Op grond van artikel 1:402 lid 3 BW kan de rechter een betaling in termijnen toestaan wanneer op de dag dat de uitspraak ten uitvoer kan worden gelegd meer dan één termijn is verschenen. Nu de ingangsdatum van de alimentatieverplichting van de man is bepaald op 31 juli 2023, is van een dergelijke situatie sprake. Het hof zal daarom bepalen dat de man
met ingang van heden de achterstallige kinderalimentatie in maandelijkse termijnen van € 100,- mag betalen, totdat deze achterstand is ingelost.

6.De slotsom

Op grond van hetgeen hiervoor is overwogen zal het hof de bestreden beschikking vernietigen en beslissen als hierna onder 8. vermeld.

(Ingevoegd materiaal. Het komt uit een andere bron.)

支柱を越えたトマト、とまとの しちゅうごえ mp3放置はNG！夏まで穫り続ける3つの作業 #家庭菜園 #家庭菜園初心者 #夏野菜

7.Aanhechten draagkrachtberekeningen

Het hof heeft de navolgende berekeningen gemaakt:
bijlage
berekening
periode
1
draagkracht vanaf 31 juli 2023
I
2
draagkracht vanaf 1 december 2023
II
De berekeningen zijn aan deze beschikking gehecht en maken daarvan deel uit.

8.De beslissing

Het hof, beschikkende in het principaal en het incidenteel hoger beroep:
vernietigt de beschikking van de rechtbank Gelderland, zittingsplaats Arnhem, van 31 mei 2024 en opnieuw beschikkende:
wijzigt de beschikking van de rechtbank Gelderland, zittingsplaats Arnhem, van 3 november 2021 wat betreft de beslissing over de kinderalimentatie en bepaalt dat de man aan de vrouw als bijdrage in de kosten van verzorging en opvoeding van [de minderjarige1] en [de minderjarige2] moet betalen:
  • met ingang van 31 juli 2023: € 171,- per kind per maand;
  • met ingang van 1 december 2023: € 218,- per kind per maand;
  • met ingang van 1 januari 2024: € 232,- per kind per maand;
  • met ingang van 1 januari 2025: € 247,- per kind per maand,
de toekomstige termijnen telkens bij vooruitbetaling te voldoen;
bepaalt dat de man de ontstane achterstand aan kinderalimentatie vanaf 31 juli 2023 tot heden met ingang van heden in maandelijkse termijnen van € 100,- aan de vrouw zal voldoen, totdat deze achterstand is ingelost;
verklaart deze beschikking tot zover uitvoerbaar bij voorraad;
wijst het meer of anders verzochte af.
Deze beschikking is gegeven door mrs. H. Phaff, M.H.F. van Vugt en M.H.H.A. Moes en is 10 april 2025 op uitgesproken in het openbaar in tegenwoordigheid van de griffier.